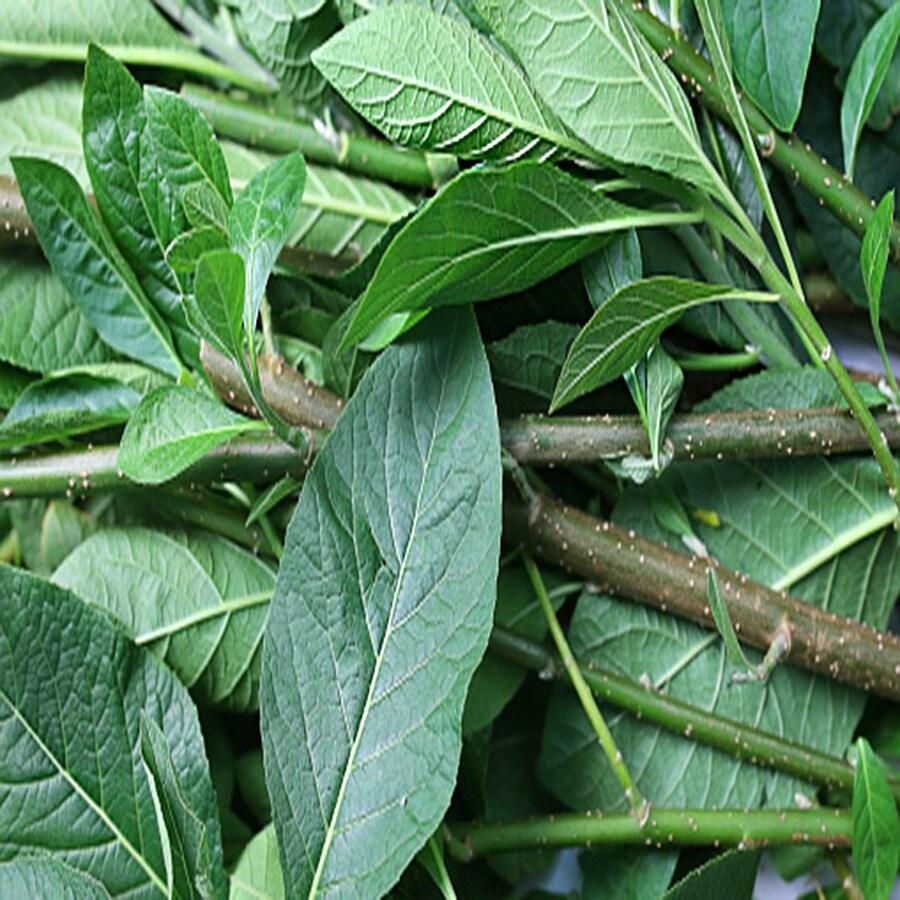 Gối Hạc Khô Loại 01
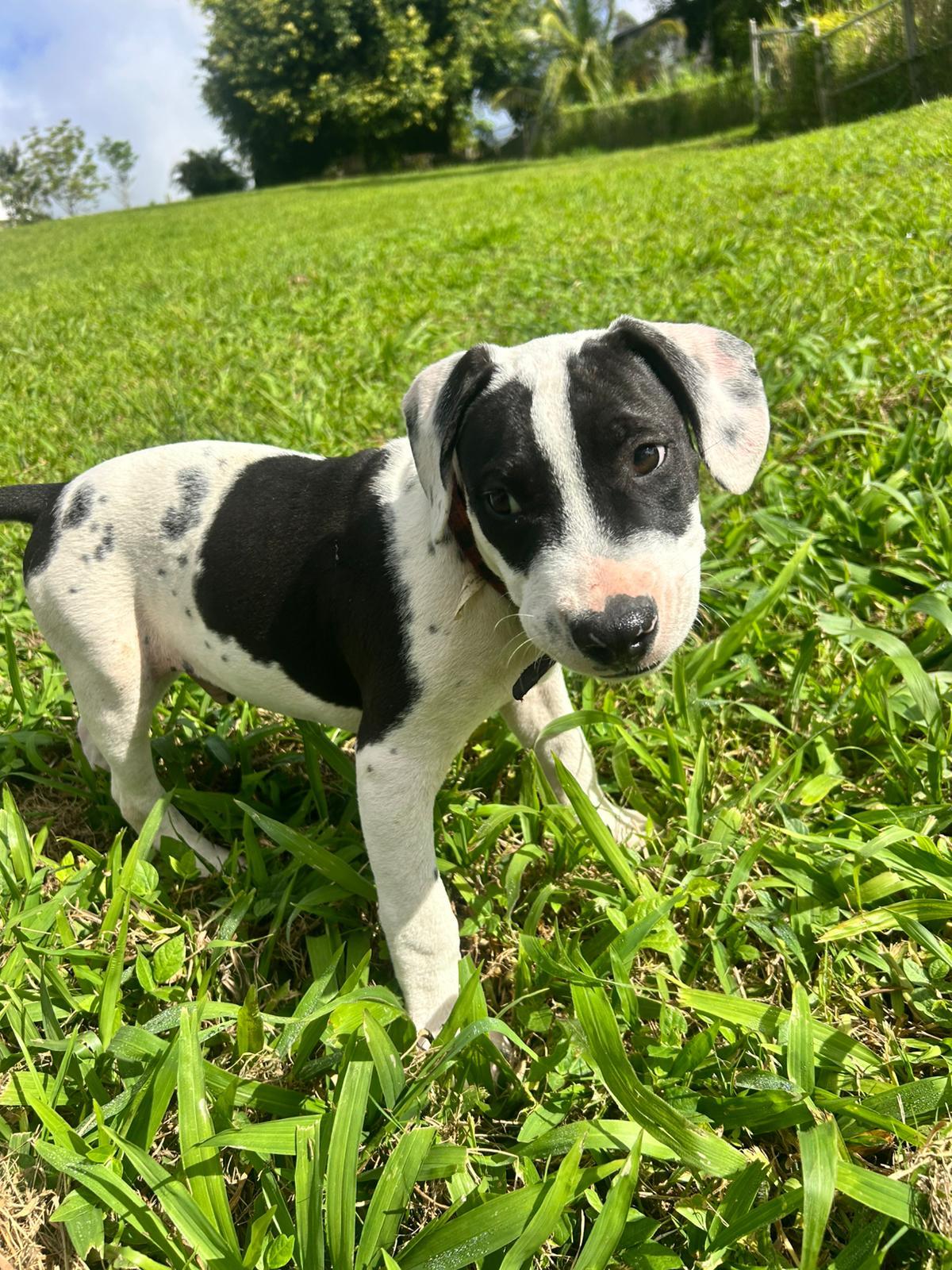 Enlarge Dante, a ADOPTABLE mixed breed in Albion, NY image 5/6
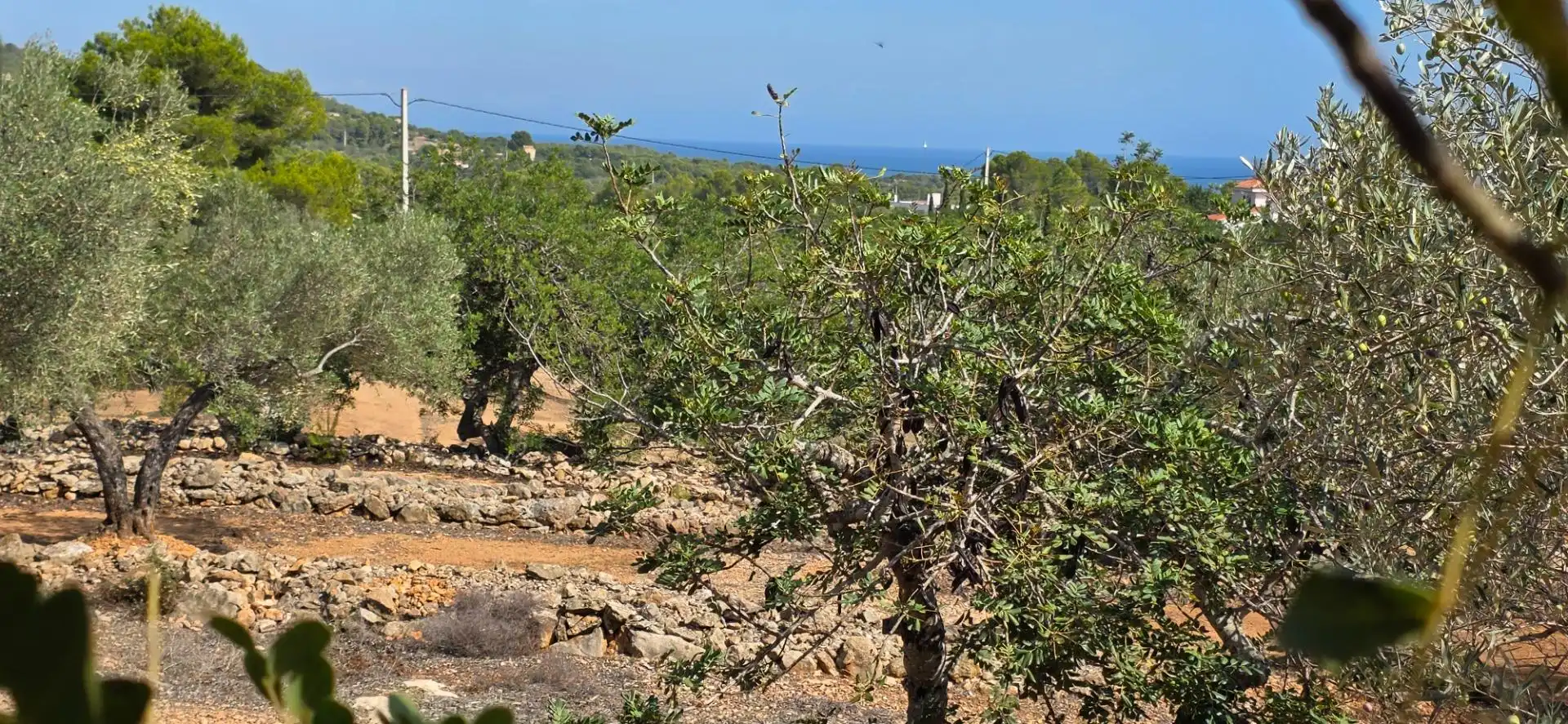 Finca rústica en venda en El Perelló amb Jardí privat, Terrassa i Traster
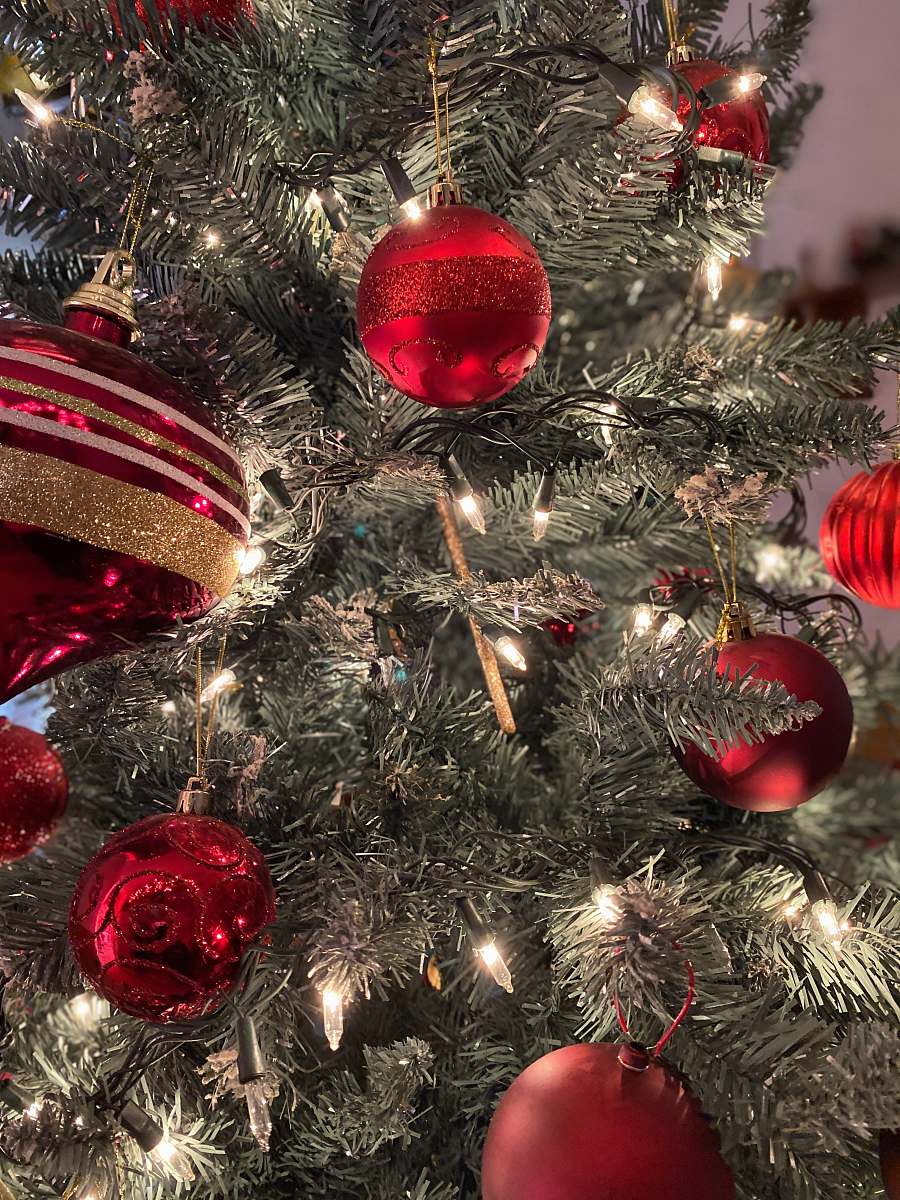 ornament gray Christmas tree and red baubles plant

--

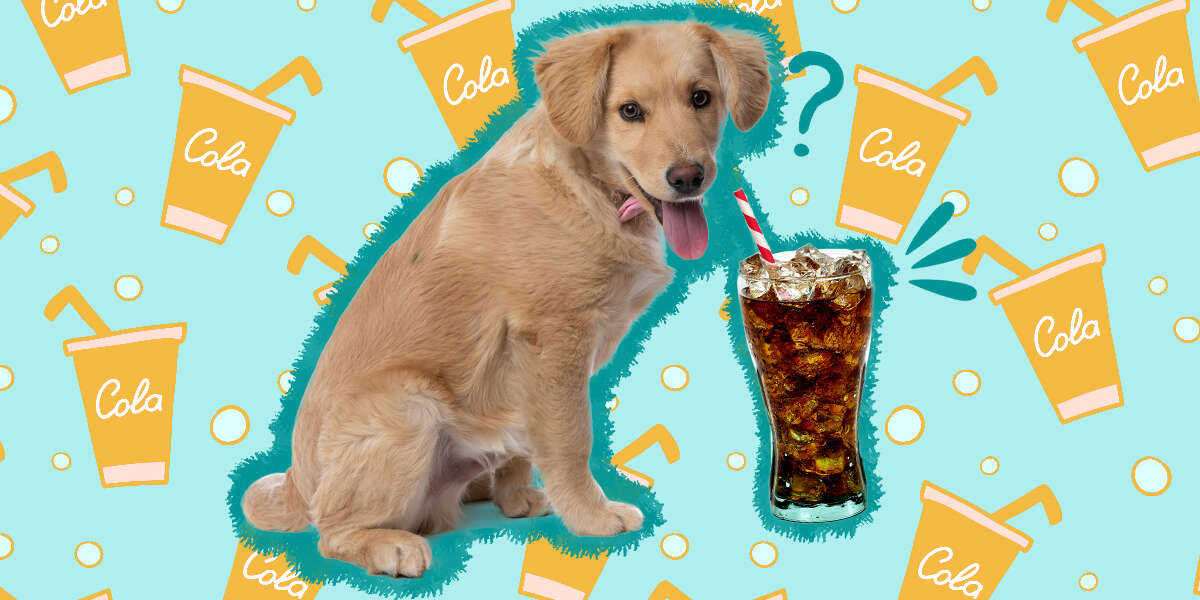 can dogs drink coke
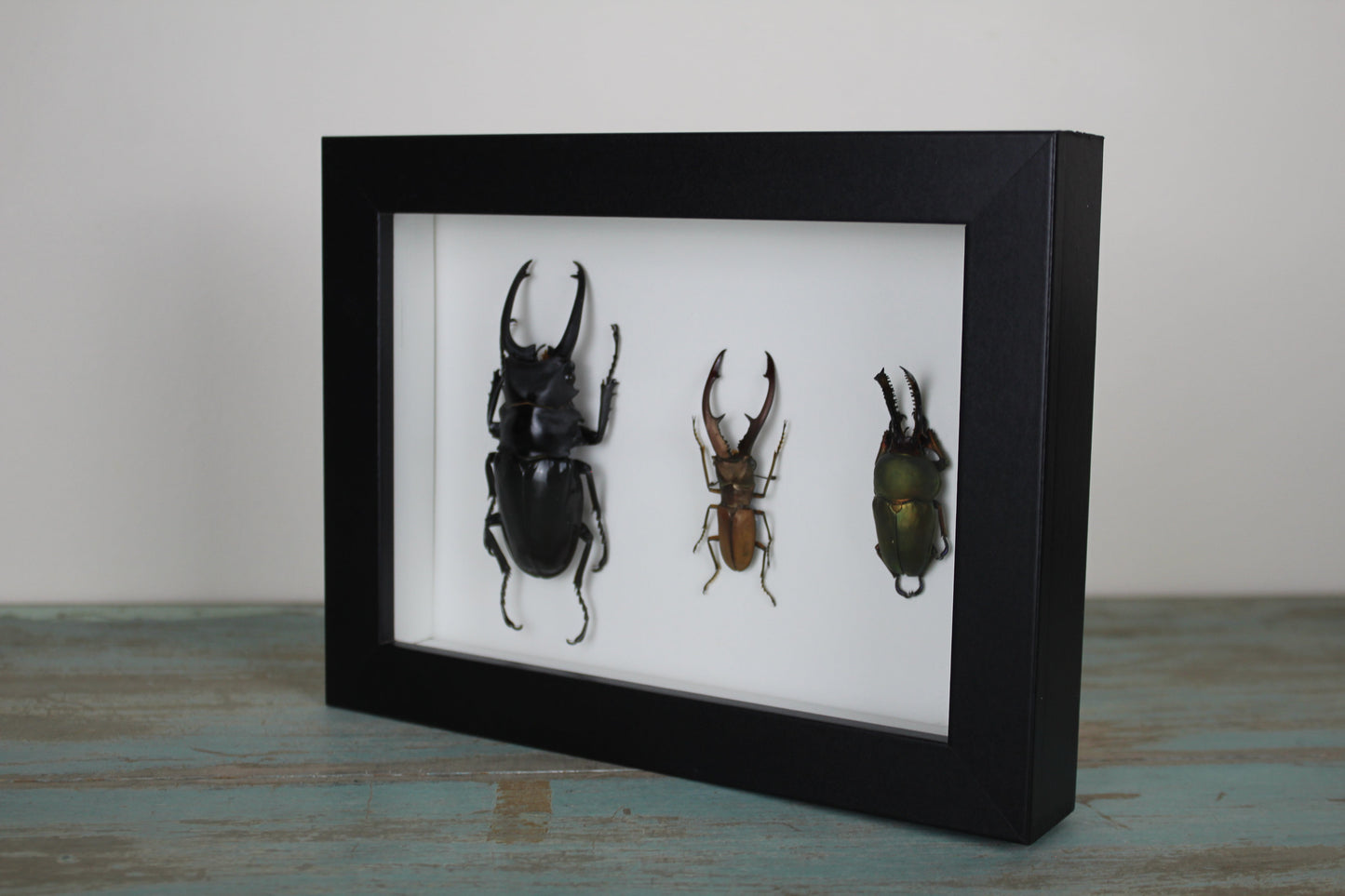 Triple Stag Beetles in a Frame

→ **Directions**:
Write out word for word the lines of the listing above from the line with "Finca rústica en" to the line with "ornament gray Christmas", taking in both of those lines but no pictures.

→ **Response**:
 Finca rústica en venda en El Perelló amb Jardí privat, Terrassa i Traster
 ornament gray Christmas tree and red baubles plant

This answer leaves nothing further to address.